_Input for this task_
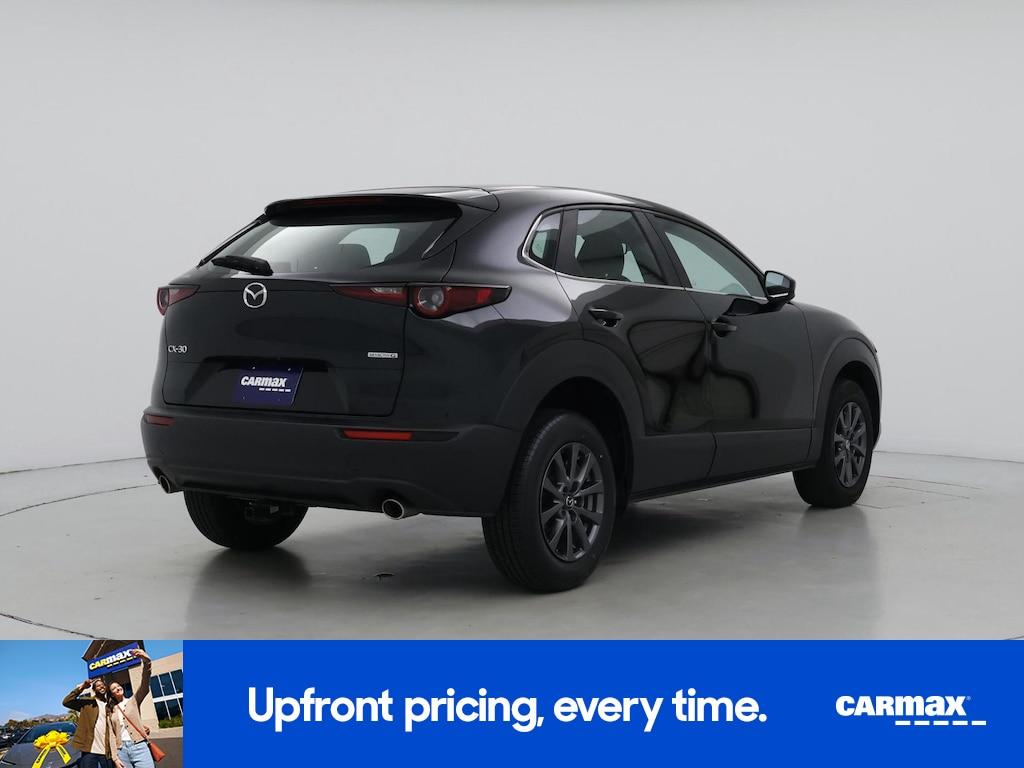 used 2021 Mazda CX-30 car, priced at $18,998
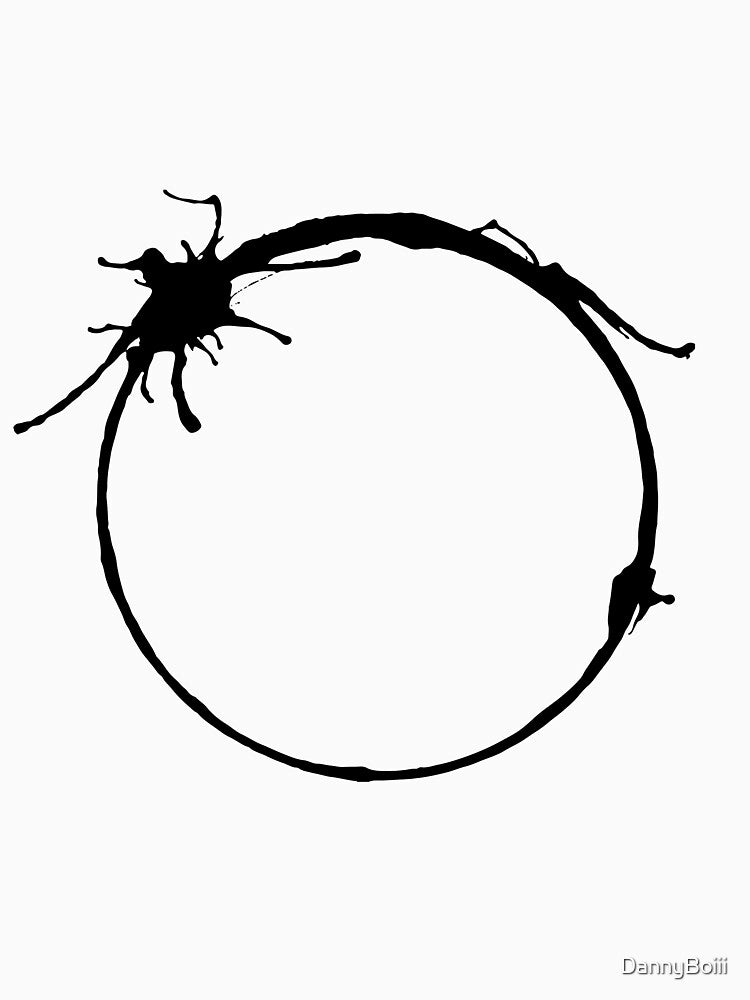 Heptapod B (Translation: "HUMAN") by DannyBoiii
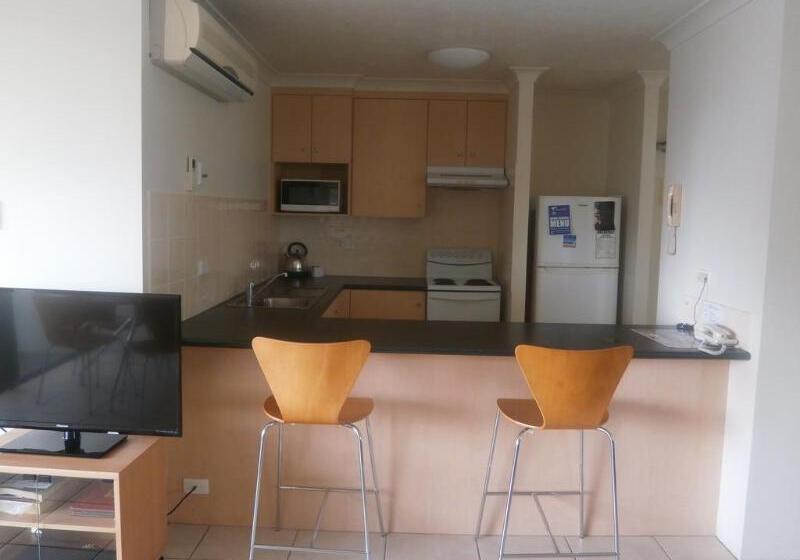 Pacific Resort Broadbeach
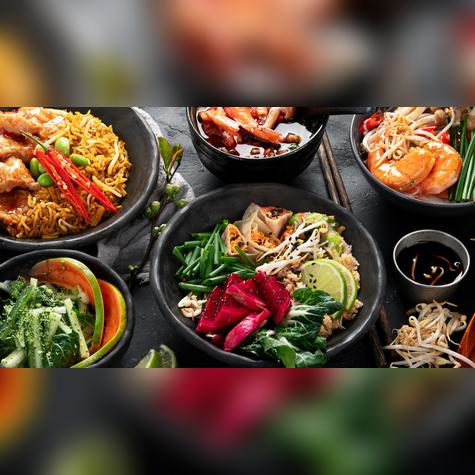 <strong>Tailandia combina sabores, cultura y sencillez en su cocina.</strong> <br>  <strong>Tailandia combina sabores, cultura y sencillez en su cocina.</strong> <br>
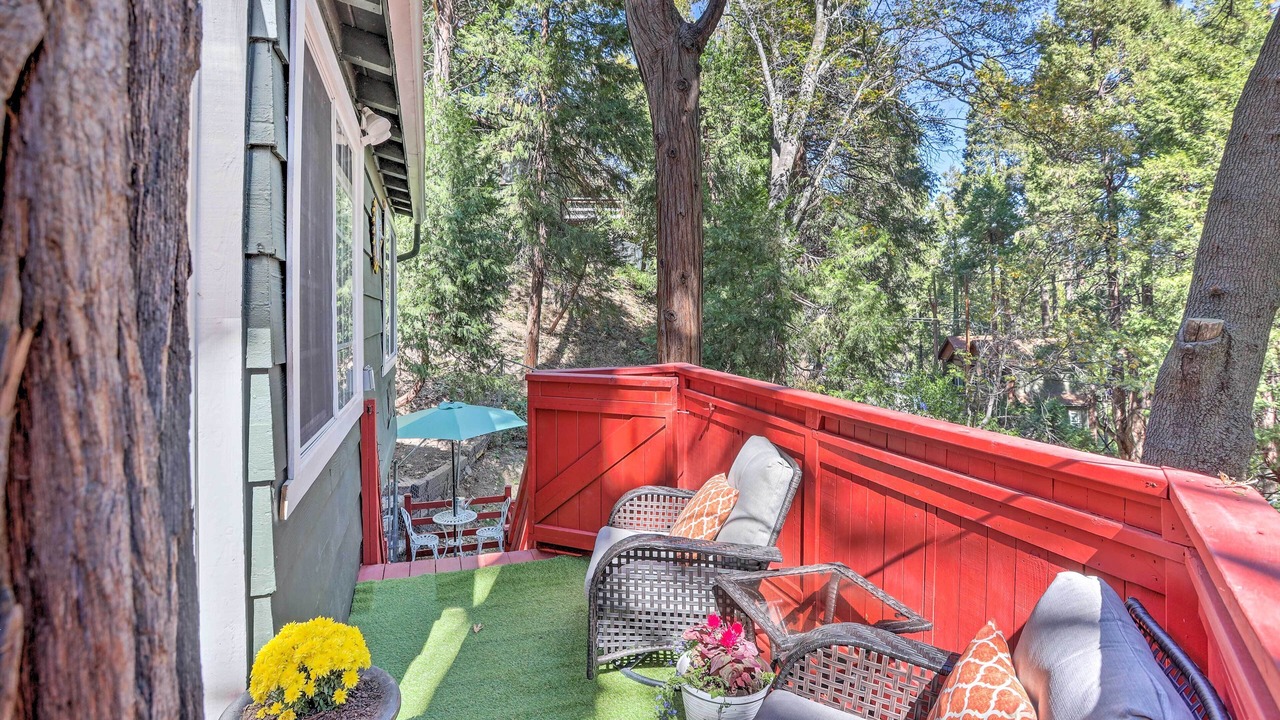Photo of Outdoor in Crestline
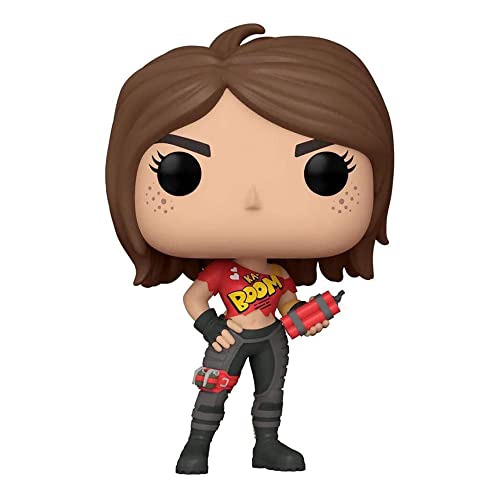 Funko POP! Games Fortnite Tntina #640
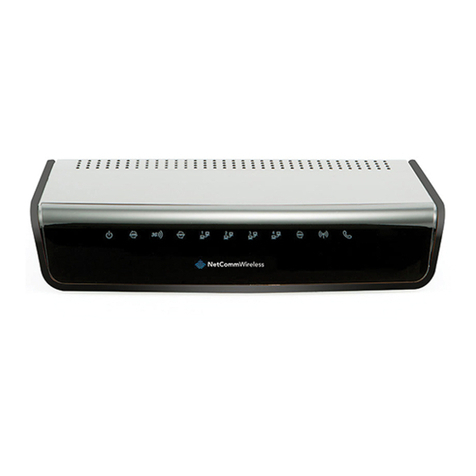 NetComm NB16WV-02 User manual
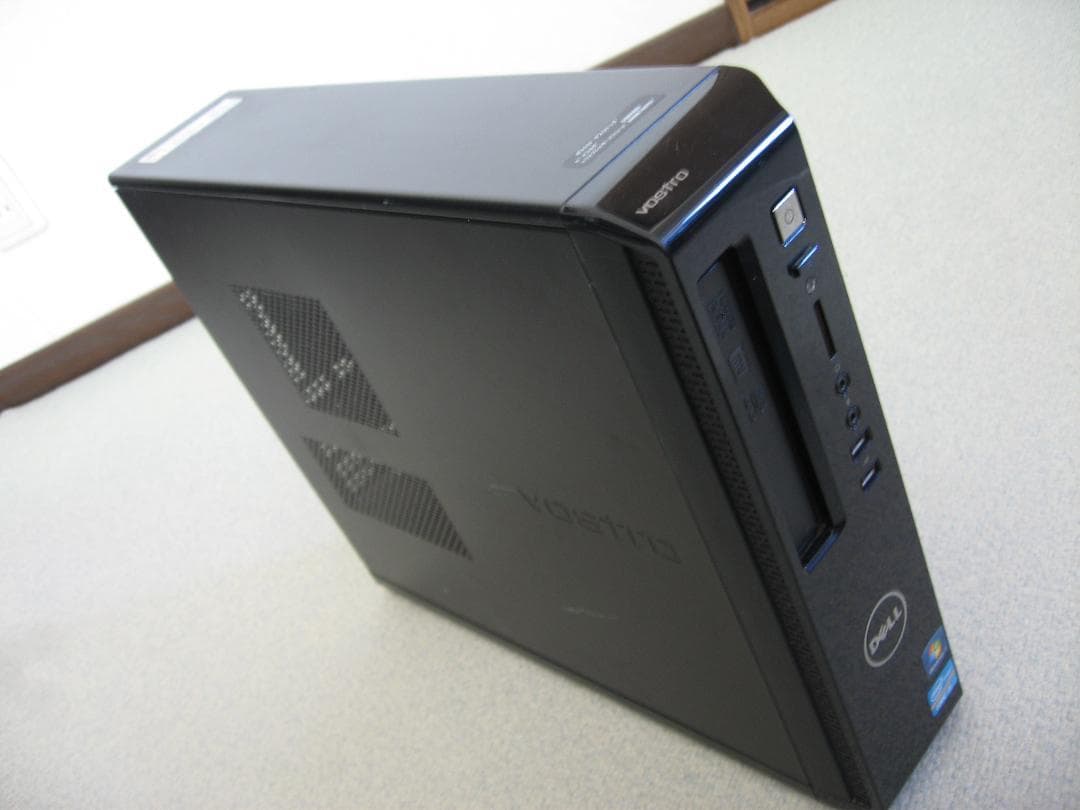 ☆DELL 260s Core i3 2120 4GB 1TB Win10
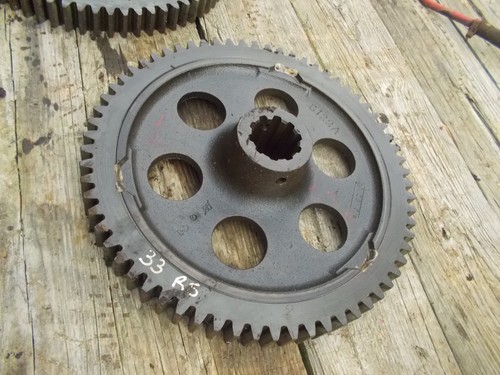 Massey harris tractor - mh,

_Exercise description_
Return exactly the line containing "Funko POP! Games Fortnite Tntina #640" and every line after it, up to and including the final line of the entries above. Pictures stay out.

_Response to this task_
 Funko POP! Games Fortnite Tntina #640
 NetComm NB16WV-02 User manual
 ☆DELL 260s Core i3 2120 4GB 1TB Win10
 Massey harris tractor - mh,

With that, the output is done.